Joseph Djogbénou. Photo : IAJP/CO
Courant semaine écoulée, le député Orden Alladatin, président de la commission des lois à l’Assemblée nationale du Bénin et l’ancien ministre Joseph Djogbénou, président du parti Union progressiste le Renouveau ont animé des conférences au sujet des lois électorales et de la gouvernance de la Rupture. Ces sorties visaient à éclairer l’opinion publique sur les modifications apportées et à répondre aux préoccupations concernant leur application. Mais, loin d’atteindre cet objectif, c’est une avalanche de réactions que les propos tenus ont induit.
« Les déterminants et enjeux du code électoral ». Voilà le thème autour duquel le président de la commission des lois de l’Assemblée nationale a tenu une conférence la semaine dernière.

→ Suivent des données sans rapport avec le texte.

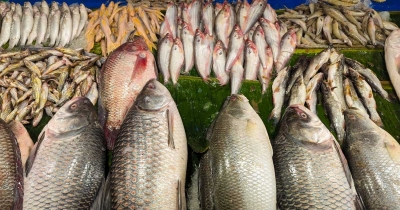 সবজিতে স্বস্তি, মাছে অস্বস্তি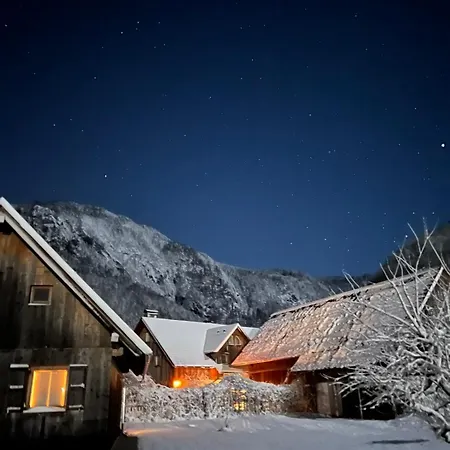 4 Elements Glamping & Bled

Il s’agissait pour Orden Alladatin, ancien acteur de la Société civile de montrer à la face du monde que le code électoral en vigueur actuellement au Bénin, loin de toutes les critiques n’est pas une loi exclusive. Avec des images d’archives, le conférencier a expliqué que les réformes politiques mises en œuvre par le président Patrice Talon sont des réformes voulues et souhaitées par toute la classe politique depuis des années. Mais les réactions ne se sont pas fait attendre.

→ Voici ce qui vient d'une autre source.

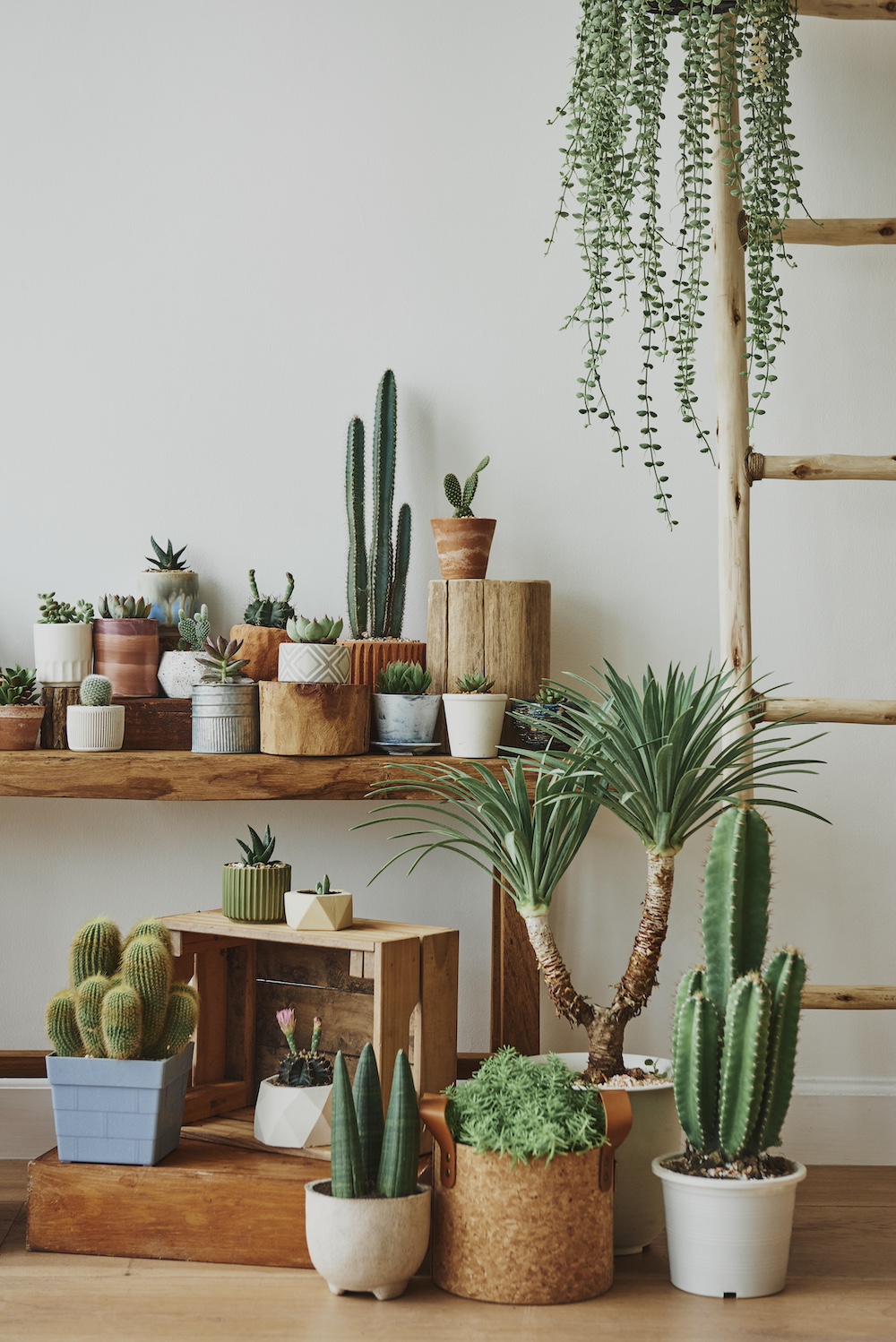 Combine Various Succulent Species for an Organic Appeal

« Aucune rhétorique manipulatoire ne peut ôter aux faits historiques leurs réalités avec les malheurs de morts d’hommes, d’emprisonnement, d’exil et de vol de sièges électifs qu’ils ont engendrés », réagit Valentin Djènontin Agossou. « Oui les réformes électorales ont été évoquées par la quasi-totalité des responsables politiques y compris le président Boni Yayi, mais évitons tout amalgame. Aucun homme politique béninois hormis les prestidigitateurs actuellement au pouvoir n’a réclamé et voulu d’une réforme politique qui exclut l’opposition des élections par des dispositions législatives tordues ; une réforme politique qui génère des tueries, des emprisonnements, des exils, l’accaparement des fiches de parrainage, le refus de délivrance de quitus fiscal aux opposants et qui déclare caduques des fiches de dépouillement alors que l’examen du contentieux électoral se poursuit devant la Cour Constitutionnelle », renchérit l’ancien ministre de la justice de Boni Yayi actuellement en exil.
« Au total, aucune réforme politique ou électorale voulue et acceptée de tous ne peut s’opposer aux libertés individuelles en empêchant par exemple les meetings des partis politiques de l’opposition. Aucune réforme politique ne peut criminaliser les ambitions politiques personnelles au point d’envoyer des collaborateurs en prison », conclut Valentin Djènontin.
Joseph Djogbénou sur la gouvernance de la Rupture
Dans la même logique que son compagnon politique, le premier responsable du parti UPR a animé une conférence sur la gouvernance. Au cours de cette séance, Joseph Djogbénou a clarifié les concepts de « ruse et rage ». En effet, l’expression « ruse et rage », devenue célèbre peu après l’avènement de Patrice Talon au pouvoir, fait penser à Joseph Djogbénou. Selon son récit, tout est parti de la réforme constitutionnelle instituée en 2017 par Patrice Talon pour doter le Bénin d’institutions fortes. Mais malgré la « sincérité absolue » du projet, l’opposition a rejeté la reforme par trois voix à l’Assemblée nationale. « Cette révision de la constitution, nous l’avons soutenue à l’Assemblée nationale mais, trois voix l’ont empêchée. Trois voix que l’humain que je suis, a considéré comme des voix ayant condamné l’adoption du projet par la ruse, des voix ayant condamné l’adoption du projet par la rage », a expliqué l’ancien ministre de la Justice.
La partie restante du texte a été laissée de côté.